Ce que vous pouvez contrôler

Prenez du Tri-X 400 dans du D-76 dilué 1+1 à 20 °C pendant environ 9 min 45, un négatif 35 mm de 24×36 mm agrandi en tirage de 30×40 cm — soit environ 12× en linéaire. Le grain de l’émulsion est figé au développement ; l’agrandisseur se contente de le grossir environ douze fois sur le papier, sans plus aucune marge de manœuvre. Votre seul vrai levier est le révélateur. Un révélateur grain fin solvant comme l’Ilford Perceptol ou le Kodak Microdol-X dissout les bords des grains et réduit la granularité, au prix d’une légère perte de sensibilité en dilution normale ; un révélateur haute acutance, faiblement solvant, comme le Rodinal (Adox R09), produit l’effet inverse, laissant un grain net et bien défini qui se lit comme une texture précise à ce grossissement de 12×. Choisissez le révélateur et vous avez largement choisi le grain.

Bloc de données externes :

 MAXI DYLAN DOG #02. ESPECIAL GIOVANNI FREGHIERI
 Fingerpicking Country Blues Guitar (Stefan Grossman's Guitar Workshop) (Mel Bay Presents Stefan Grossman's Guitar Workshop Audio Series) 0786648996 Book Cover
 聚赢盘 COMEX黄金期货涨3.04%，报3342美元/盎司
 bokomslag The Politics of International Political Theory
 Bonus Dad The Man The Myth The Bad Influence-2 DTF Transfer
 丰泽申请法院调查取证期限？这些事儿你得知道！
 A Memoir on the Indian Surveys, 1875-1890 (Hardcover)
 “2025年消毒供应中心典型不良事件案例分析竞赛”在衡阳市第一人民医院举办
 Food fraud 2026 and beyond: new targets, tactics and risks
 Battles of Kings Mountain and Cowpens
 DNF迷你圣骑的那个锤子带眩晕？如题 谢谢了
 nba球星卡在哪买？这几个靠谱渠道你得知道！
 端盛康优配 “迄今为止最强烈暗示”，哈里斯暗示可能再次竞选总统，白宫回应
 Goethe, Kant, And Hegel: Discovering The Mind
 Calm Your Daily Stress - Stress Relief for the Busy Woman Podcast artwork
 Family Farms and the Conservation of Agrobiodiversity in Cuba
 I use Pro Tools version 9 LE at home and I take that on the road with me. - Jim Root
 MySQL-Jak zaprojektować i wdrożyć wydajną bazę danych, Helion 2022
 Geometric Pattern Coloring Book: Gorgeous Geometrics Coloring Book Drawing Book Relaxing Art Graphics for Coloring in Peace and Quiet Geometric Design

Le numérique inverse la chronologie. Le bruit de grenaille est fixé à la prise de vue par le nombre de photons collectés, de sorte que le levier équivalent est l’exposition — exposer à droite (ETTR) pousse le signal vers le plein puits et maximise le SNR avant que le plancher de lecture devienne prépondérant. Mais à la différence du grain, le résultat n’est pas encore définitif : le bruit peut être réduit, lissé ou accentué après la capture, redistribué dans le fichier au prix d’une certaine perte de détail. C’est là le cœur de la différence. Le grain est gravé dans la pellicule au moment du développement et simplement grossi par la suite ; le bruit est partiellement négociable, statistiquement fixé à la capture mais encore modifiable jusqu’au tirage final.